I thought is on .onLoad, because the only way to show this bug, is loading or executing something from pak, how it does not found the binaries the only idea I have is PATH.

There is something to remember, this is like internally, if you check PATH, before and after the installation command, will be fine, this only happens inside the installation command... which is weird. My assumption is that .onLoad pak saved the env, and uses it when install, ignoring the changes of env after .onLoad.....

gaborcsardi commented 2 months ago

you can check the example I post above,

I am not going to do that, because I don't have a windows container at hand and I won't install conda. I am afraid that you'd need to create a more minimal example, if you are convinced that pak drops the PATH somehow.

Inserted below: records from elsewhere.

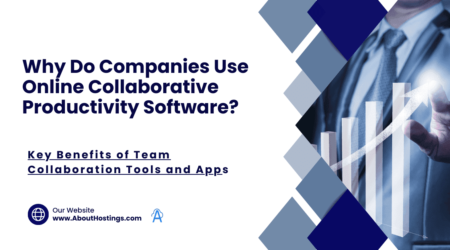 why do companies use online collaborative productivity software?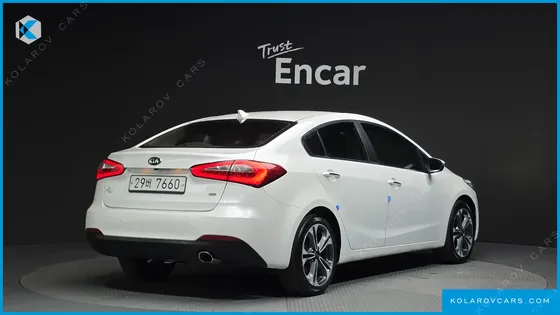KIA K3 NOBLESSE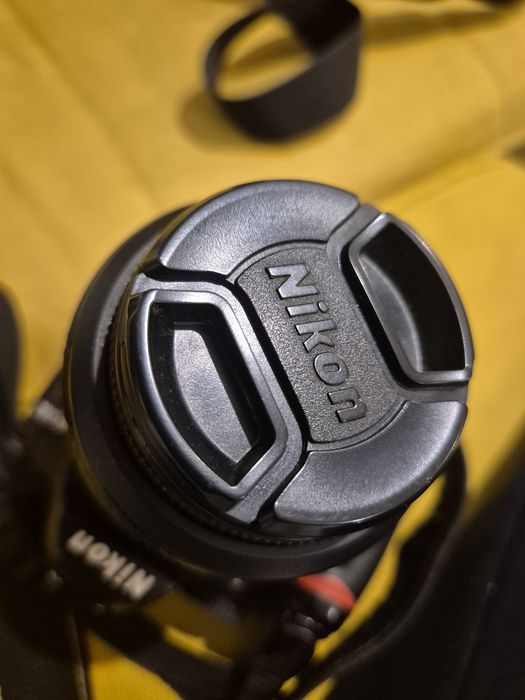 Aparat foto Nikon D3000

AFAICT pak does nothing with the PATH, except that the subprocess will inherit it, and the subprocess starts when pak needs it. That way you'd indeed lose local PATH updates in the main process.

latot commented 2 months ago

@gaborcsardi Hi, I have updated the description of the issue, I have added a linux version, this time is a lot minimal! as you requested. I was pretty sad yesterday, took me a lot of time find why this happened... two weeks looking on this... and trying to write a good minimal example.

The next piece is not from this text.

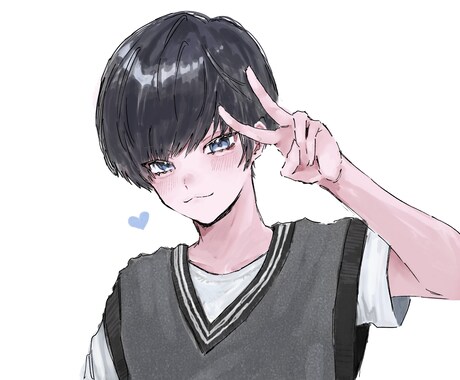 キュートなアイコンを作成します 【特別価格】可愛く目を引く色味が得意です！ イメージ2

From what you says, if pak has a subprocess that starts for example, with a installation, and that process keeps running, is used for further installations and keeps the same env vars, it will miss any change after the first installation, libraries, binaries... which is far from ideal.

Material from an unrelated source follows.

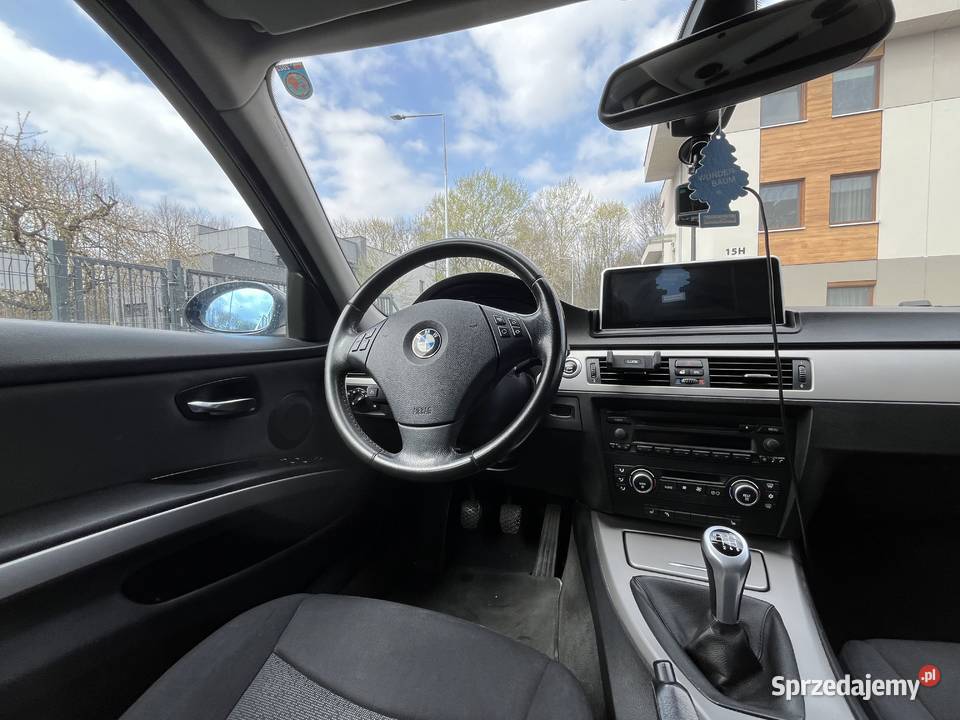 BMW i318 e90 benzyna Kraków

R also does not allow us some type of custom installations, like after/post scripts to handle things, so some installations would need to prepare some envs to work, we also need to isolate that envs instead of accumulate one over other, to do some installation tests is also useful change env vars.

Maybe... a way to update the env vars of the subprocess with the main process could do the trick.

gaborcsardi commented 2 months ago

From what you says, if pak has a subprocess that starts for example, with a installation, and that process keeps running, is used for further installations and keeps the same env vars, it will miss any change after the first installation, libraries, binaries... which is far from ideal.

Yes, that does happen, that was my very first comment.

FWIW if you want to set the PATH for R, the best way to do that is in the system or the user environment file. See ?Startup. In a nutshell, put

PATH=...

in ~/.Renviron or R_HOME/etc/x64/Renviron.site (on Windows).

Maybe... a way to update the env vars of the subprocess with the main process could do the trick.

We could do that I suppose.

latot commented 2 months ago

Thx for the fix! @gaborcsardi just to know, is possible to get the full env to the child? with some custom env installations PATH is not the only var that we can touch, and some apps can depends on extra variables.

Is too hard do this? or there is more tech issues that complicate that?

gaborcsardi commented 2 months ago

It is not hard to do that, that it does not work. Some of those env vars are set in the subprocess for a purpose, by use, by R or by the OS. We cannot just overwrite all of them with the ones in the parent process.

Again, your best bet is to set up the environment before starting R. It is not just pak that does calculations in subprocesses.

latot commented 2 months ago

Sadly that can not be done easily, to test packages we can change the envs per package and similar, so there is no "static" env to be added, because some of them are generated in the code....